Le Guatemala a lancé un plan d'État pour rechercher 45 000 personnes disparues de la guerre civile, une dette ouverte depuis le conflit armé interne qui a fait au moins 200 000 morts ou disparus entre 1960 et 1996. Le président Bernardo Arévalo a présenté le mécanisme comme un moyen de localiser les victimes avec la participation des autorités, des familles et des organisations humanitaires, dans un processus qui, comme il l'a souligné, ne remplace pas les procédures judiciaires.

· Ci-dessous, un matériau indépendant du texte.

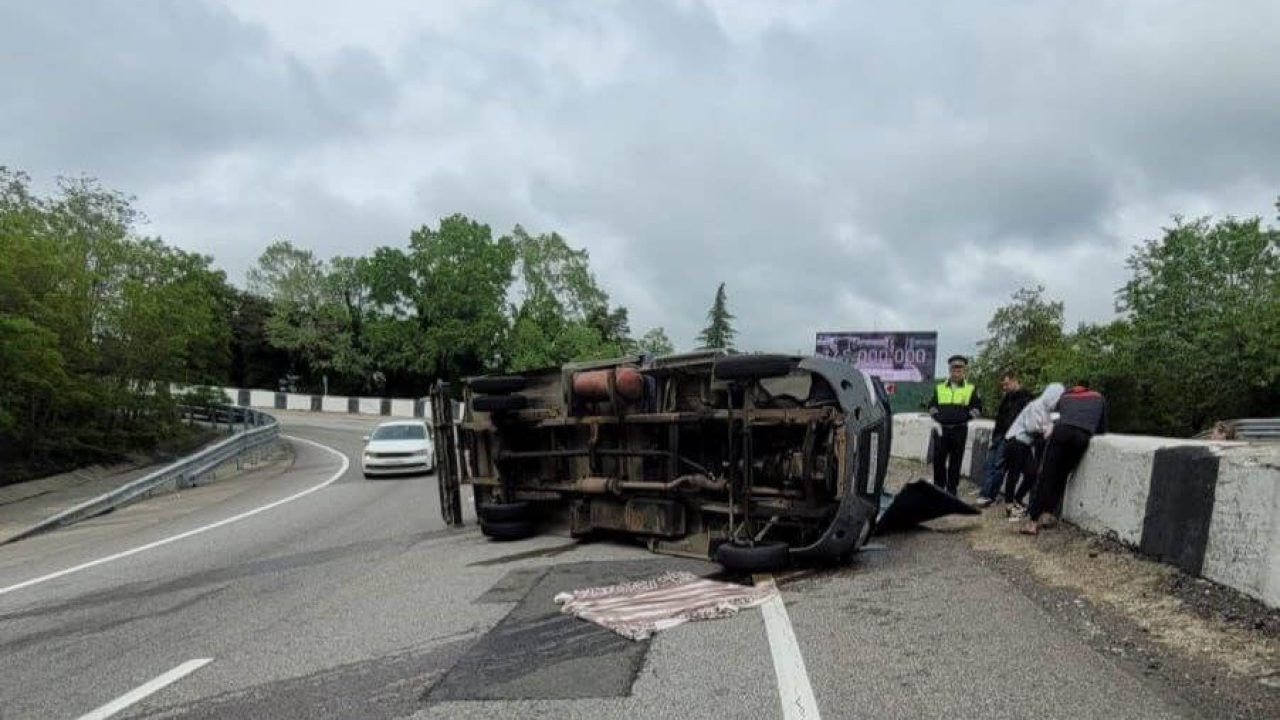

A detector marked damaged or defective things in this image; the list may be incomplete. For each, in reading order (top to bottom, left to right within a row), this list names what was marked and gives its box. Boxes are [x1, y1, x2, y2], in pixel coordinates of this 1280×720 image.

overturned truck [430, 351, 967, 568]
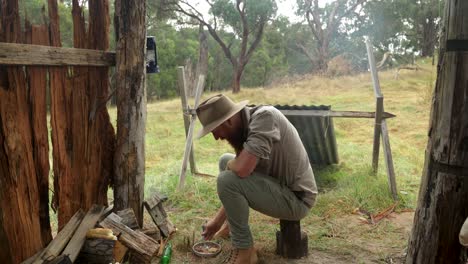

Le programme sera valable 10 ans et fonctionnera entre 2026 et 2036. La conception comprenait 67 réunions nationales avec la participation de 775 membres de familles et organisations de défense des droits de l'homme, et prévoit également la création d'archives de la mémoire nationale à partir de bases de données dispersées qui seront numérisées par le pouvoir judiciaire.
Arévalo a fait cette annonce vendredi lors de la présentation officielle du Mécanisme humanitaire de recherche des personnes disparues pendant le conflit armé interne 2026-2036. « Nous avons entamé un chemin pour retrouver ceux qui nous manquent, pour panser une blessure ouverte par l'histoire », a déclaré le président.
Le président guatémaltèque a également affirmé que le nouvel instrument vise à établir la localisation des victimes grâce à un travail coordonné. Dans ce cadre, il a précisé que « cela ne remplace pas l’application de la justice ».
La présentation du mécanisme a rapproché la promesse officielle d'une recherche avec la revendication historique des proches des victimes. Pablo Estrada, président de l'Association des proches des détenus et disparus du Guatemala, a qualifié cette annonce de « petite lumière » après des décennies de recherche de personnes dont « le seul crime était de penser différemment ».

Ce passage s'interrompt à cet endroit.